I will start by describing SLIDE, an open-source system for efficient sparse neural network training on CPUs that has been deployed by major technology companies and academic labs. SLIDE blends Locality Sensitive Hashing with multi-core parallelism and workload optimization to drastically reduce computations. SLIDE trains industry-scale recommendation models on a 44 core CPU 3.5x faster than TensorFlow on V100 GPU with no drop in accuracy.
Next, I will present Pixelated Butterfly, a simple yet efficient sparse training framework on GPUs. It uses a simple static block-sparse pattern based on butterfly and low-rank matrices, taking into account GPU block-oriented efficiency. Pixelated Butterfly trains up to 2.5x faster (wall-clock) than the dense Vision Transformer and GPT-2 counterparts with no drop in accuracy.

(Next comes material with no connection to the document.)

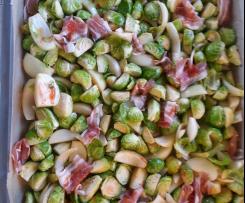 Rosenkohl im Backofen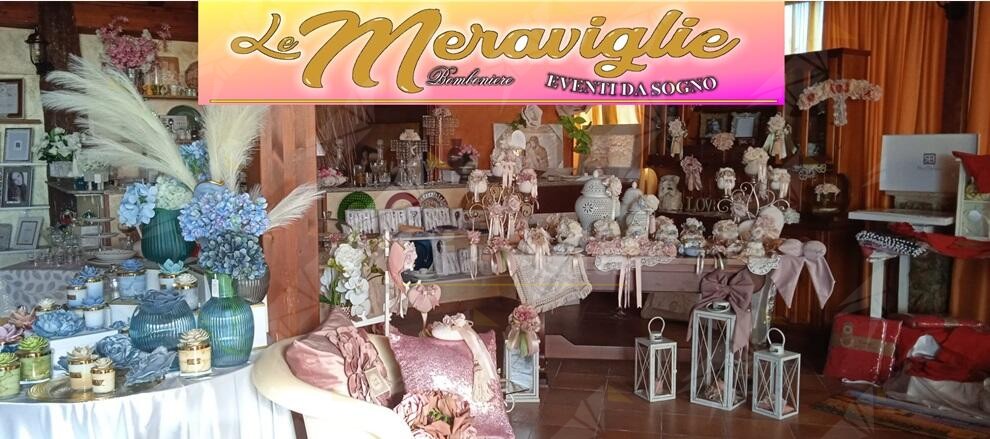 Le Meraviglie Regali da Sogno: a Caulonia lo showroom dedicato a regali e bomboniere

I will conclude by outlining future research directions for further accelerating ML pipelines and making ML more accessible to the general community, such as software-hardware co-design, data-centric AI, and ML for scientific computing and medical imaging.
This lecture satisfies requirements for CSCI 591: Research Colloquium
Biography: Beidi Chen is a postdoctoral scholar in the CS department at Stanford University, working with Prof. Christopher Ré. Her research focuses on large-scale machine learning and deep learning. Specifically, she designs and optimizes randomized algorithms (algorithm-hardware co-design) to accelerate large machine learning systems for real-world problems. Prior to joining Stanford, she received her Ph.D. from the CS department at Rice University, advised by Prof. Anshumali Shrivastava. She received a BS in EECS from UC Berkeley. She has held internships in Microsoft Research, NVIDIA Research, and Amazon AI. Her work has won Best Paper awards at LISA and IISA. She was selected as a Rising Star in EECS by MIT and UIUC.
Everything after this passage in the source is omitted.